Records shown Start Marker
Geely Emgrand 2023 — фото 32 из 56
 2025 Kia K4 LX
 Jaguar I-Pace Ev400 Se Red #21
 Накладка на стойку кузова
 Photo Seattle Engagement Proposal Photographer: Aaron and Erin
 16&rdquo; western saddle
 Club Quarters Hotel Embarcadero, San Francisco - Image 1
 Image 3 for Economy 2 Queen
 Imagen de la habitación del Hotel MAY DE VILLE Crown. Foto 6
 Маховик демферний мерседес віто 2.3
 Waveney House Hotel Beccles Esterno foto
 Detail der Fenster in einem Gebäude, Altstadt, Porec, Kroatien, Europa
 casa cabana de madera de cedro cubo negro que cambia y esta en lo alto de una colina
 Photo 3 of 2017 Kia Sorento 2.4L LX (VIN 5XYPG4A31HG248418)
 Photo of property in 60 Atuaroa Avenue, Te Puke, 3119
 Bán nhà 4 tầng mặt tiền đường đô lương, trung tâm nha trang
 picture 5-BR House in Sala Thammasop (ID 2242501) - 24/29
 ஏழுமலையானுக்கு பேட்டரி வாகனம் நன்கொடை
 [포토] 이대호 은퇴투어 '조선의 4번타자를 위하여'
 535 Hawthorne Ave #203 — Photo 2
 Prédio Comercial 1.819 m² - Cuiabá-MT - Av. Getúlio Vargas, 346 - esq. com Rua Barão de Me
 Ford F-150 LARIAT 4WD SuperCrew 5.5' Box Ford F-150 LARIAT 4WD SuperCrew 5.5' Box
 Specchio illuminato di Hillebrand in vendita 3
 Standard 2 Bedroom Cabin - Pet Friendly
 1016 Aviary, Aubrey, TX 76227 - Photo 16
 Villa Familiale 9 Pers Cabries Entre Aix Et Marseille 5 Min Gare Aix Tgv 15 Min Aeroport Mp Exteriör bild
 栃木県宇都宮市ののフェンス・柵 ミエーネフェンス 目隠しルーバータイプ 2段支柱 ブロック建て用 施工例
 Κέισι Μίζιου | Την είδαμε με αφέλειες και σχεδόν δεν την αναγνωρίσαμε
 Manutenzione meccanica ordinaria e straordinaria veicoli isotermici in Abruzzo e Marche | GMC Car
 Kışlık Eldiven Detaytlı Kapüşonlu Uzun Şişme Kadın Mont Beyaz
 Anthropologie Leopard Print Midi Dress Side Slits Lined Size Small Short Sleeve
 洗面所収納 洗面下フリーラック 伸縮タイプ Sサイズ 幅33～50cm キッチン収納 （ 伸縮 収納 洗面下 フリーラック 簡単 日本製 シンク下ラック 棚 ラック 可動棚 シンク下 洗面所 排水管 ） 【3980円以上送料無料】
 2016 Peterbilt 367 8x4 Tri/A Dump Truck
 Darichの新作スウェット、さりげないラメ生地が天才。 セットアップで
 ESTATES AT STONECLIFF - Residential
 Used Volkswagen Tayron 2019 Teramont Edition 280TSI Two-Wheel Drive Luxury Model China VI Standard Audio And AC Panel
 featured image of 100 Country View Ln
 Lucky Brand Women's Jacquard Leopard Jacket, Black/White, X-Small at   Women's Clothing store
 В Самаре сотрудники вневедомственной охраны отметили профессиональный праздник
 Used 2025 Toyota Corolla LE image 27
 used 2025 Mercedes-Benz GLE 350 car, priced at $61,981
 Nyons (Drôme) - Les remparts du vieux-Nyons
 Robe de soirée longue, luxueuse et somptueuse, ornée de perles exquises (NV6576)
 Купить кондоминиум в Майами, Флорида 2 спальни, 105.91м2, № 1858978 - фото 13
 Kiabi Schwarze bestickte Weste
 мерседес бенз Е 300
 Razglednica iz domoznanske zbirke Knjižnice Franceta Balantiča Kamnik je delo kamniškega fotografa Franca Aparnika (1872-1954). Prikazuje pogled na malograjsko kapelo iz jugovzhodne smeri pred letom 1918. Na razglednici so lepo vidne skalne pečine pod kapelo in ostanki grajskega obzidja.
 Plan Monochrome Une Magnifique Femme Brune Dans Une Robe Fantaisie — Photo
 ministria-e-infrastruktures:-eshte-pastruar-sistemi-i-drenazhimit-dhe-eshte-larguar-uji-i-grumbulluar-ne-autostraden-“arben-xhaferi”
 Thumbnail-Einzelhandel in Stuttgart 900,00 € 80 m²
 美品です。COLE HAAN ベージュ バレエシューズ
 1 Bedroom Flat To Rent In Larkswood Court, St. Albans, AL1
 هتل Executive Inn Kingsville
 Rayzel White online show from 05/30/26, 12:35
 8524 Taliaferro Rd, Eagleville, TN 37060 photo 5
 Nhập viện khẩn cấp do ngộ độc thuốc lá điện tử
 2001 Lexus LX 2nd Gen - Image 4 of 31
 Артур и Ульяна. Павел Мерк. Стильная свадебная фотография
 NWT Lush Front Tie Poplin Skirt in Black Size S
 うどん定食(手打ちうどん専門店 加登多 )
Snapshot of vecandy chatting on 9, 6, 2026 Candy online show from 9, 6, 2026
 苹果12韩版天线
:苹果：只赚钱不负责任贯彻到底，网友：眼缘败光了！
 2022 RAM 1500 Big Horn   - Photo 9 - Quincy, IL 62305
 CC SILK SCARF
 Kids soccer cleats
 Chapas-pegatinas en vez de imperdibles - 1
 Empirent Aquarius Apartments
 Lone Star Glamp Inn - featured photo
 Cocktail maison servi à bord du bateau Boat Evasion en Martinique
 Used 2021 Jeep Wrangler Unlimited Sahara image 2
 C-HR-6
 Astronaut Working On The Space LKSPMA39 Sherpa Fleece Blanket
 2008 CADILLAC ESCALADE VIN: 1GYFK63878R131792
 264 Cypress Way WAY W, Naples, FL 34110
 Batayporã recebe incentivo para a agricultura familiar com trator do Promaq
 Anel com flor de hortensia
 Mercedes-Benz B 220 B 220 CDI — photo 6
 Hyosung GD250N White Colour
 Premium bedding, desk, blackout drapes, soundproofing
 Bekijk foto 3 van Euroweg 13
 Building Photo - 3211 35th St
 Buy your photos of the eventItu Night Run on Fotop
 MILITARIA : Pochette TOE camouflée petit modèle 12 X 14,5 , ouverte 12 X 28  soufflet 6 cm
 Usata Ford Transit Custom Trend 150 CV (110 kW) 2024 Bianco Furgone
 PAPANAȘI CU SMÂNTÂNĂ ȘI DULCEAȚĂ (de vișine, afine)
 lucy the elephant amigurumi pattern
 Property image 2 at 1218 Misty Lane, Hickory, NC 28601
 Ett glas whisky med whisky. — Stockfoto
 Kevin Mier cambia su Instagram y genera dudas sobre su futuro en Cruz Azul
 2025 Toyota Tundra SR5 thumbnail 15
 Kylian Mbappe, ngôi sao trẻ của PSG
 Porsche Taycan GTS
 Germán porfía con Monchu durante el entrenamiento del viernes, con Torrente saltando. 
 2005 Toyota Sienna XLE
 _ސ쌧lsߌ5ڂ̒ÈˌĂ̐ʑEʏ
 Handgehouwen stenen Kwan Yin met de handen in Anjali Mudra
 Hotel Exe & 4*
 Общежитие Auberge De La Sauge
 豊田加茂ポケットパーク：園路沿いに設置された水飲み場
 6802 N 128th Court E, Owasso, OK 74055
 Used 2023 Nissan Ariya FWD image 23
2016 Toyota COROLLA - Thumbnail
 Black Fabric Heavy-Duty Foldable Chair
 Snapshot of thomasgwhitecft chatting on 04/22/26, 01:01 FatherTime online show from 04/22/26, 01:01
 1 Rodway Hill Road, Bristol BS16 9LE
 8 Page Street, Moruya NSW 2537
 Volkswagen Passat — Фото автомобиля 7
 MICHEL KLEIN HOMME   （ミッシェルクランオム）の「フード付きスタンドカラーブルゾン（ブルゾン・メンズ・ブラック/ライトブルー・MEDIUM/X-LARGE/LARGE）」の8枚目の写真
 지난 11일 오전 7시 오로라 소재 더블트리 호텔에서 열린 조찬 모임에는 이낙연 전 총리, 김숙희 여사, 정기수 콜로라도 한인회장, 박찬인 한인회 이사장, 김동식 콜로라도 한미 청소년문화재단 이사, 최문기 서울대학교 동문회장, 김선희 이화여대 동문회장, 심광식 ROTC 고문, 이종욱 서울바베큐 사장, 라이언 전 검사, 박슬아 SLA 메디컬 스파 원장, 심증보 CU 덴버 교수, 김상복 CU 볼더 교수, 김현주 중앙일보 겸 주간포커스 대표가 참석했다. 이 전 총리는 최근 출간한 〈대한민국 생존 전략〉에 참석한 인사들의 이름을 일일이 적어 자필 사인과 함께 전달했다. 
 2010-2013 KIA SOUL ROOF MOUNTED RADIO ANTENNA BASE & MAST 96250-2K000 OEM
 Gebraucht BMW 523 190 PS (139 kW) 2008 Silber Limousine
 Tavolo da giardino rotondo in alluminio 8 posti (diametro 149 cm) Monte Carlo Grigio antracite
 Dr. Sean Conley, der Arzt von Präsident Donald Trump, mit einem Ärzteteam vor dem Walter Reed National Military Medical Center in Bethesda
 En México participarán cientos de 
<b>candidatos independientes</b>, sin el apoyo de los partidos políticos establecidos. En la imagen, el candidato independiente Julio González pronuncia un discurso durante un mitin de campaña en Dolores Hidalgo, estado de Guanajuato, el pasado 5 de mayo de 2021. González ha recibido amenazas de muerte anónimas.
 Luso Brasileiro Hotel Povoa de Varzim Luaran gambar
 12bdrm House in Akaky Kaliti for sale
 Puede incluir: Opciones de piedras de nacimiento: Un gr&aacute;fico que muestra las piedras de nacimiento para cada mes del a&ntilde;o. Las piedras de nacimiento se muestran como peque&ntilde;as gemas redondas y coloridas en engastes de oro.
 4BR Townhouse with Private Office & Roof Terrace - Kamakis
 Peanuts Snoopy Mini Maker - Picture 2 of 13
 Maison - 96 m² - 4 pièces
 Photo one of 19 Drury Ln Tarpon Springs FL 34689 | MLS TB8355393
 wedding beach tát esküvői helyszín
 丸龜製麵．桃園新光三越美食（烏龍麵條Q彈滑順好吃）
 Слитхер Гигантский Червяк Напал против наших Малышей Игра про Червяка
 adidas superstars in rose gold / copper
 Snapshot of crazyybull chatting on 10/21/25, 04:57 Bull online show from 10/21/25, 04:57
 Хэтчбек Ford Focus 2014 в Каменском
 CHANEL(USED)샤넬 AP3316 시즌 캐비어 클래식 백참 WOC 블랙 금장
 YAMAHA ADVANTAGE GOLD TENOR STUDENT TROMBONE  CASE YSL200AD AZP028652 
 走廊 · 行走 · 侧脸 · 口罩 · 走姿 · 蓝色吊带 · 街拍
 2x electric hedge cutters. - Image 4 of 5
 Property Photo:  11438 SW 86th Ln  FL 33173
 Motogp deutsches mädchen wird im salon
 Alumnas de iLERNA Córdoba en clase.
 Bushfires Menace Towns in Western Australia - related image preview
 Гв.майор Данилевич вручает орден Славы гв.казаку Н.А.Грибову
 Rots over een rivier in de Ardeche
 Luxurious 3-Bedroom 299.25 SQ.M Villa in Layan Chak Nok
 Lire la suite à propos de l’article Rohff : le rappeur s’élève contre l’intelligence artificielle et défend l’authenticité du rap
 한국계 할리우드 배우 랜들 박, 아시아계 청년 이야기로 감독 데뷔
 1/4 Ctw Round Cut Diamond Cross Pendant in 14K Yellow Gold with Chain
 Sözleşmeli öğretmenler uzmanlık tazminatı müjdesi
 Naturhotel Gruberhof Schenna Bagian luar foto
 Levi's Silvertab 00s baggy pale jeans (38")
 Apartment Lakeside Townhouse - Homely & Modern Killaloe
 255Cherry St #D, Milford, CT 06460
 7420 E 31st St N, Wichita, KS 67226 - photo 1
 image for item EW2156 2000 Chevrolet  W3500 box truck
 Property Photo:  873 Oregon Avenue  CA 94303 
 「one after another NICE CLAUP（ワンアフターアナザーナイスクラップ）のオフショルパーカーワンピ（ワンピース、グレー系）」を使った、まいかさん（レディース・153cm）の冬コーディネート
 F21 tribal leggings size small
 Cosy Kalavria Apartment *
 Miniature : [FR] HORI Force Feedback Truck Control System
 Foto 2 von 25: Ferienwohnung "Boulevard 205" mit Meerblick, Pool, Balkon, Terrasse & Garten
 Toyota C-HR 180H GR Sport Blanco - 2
Records shown End Marker
### Required action
Set down exactly the lines that begin the records and continue through the line bearing "Ford F-150 LARIAT 4WD SuperCrew 5.5' Box Ford"; include both ends.

### Exercise response
Geely Emgrand 2023 — фото 32 из 56
 2025 Kia K4 LX
 Jaguar I-Pace Ev400 Se Red #21
 Накладка на стойку кузова
 Photo Seattle Engagement Proposal Photographer: Aaron and Erin
 16&rdquo; western saddle
 Club Quarters Hotel Embarcadero, San Francisco - Image 1
 Image 3 for Economy 2 Queen
 Imagen de la habitación del Hotel MAY DE VILLE Crown. Foto 6
 Маховик демферний мерседес віто 2.3
 Waveney House Hotel Beccles Esterno foto
 Detail der Fenster in einem Gebäude, Altstadt, Porec, Kroatien, Europa
 casa cabana de madera de cedro cubo negro que cambia y esta en lo alto de una colina
 Photo 3 of 2017 Kia Sorento 2.4L LX (VIN 5XYPG4A31HG248418)
 Photo of property in 60 Atuaroa Avenue, Te Puke, 3119
 Bán nhà 4 tầng mặt tiền đường đô lương, trung tâm nha trang
 picture 5-BR House in Sala Thammasop (ID 2242501) - 24/29
 ஏழுமலையானுக்கு பேட்டரி வாகனம் நன்கொடை
 [포토] 이대호 은퇴투어 '조선의 4번타자를 위하여'
 535 Hawthorne Ave #203 — Photo 2
 Prédio Comercial 1.819 m² - Cuiabá-MT - Av. Getúlio Vargas, 346 - esq. com Rua Barão de Me
 Ford F-150 LARIAT 4WD SuperCrew 5.5' Box Ford F-150 LARIAT 4WD SuperCrew 5.5' Box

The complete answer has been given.